**DATA FOR ANALYSIS**
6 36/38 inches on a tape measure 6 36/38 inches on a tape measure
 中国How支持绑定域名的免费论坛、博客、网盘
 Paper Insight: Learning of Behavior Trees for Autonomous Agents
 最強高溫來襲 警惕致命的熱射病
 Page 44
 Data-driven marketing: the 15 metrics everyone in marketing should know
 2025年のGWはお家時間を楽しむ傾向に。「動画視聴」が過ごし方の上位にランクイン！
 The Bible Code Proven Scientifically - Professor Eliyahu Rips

**PROBLEM DETAILS**
The expected output is the complete listing, word for word.

**YOUR SOLUTION**
6 36/38 inches on a tape measure 6 36/38 inches on a tape measure
 中国How支持绑定域名的免费论坛、博客、网盘
 Paper Insight: Learning of Behavior Trees for Autonomous Agents
 最強高溫來襲 警惕致命的熱射病
 Page 44
 Data-driven marketing: the 15 metrics everyone in marketing should know
 2025年のGWはお家時間を楽しむ傾向に。「動画視聴」が過ごし方の上位にランクイン！
 The Bible Code Proven Scientifically - Professor Eliyahu Rips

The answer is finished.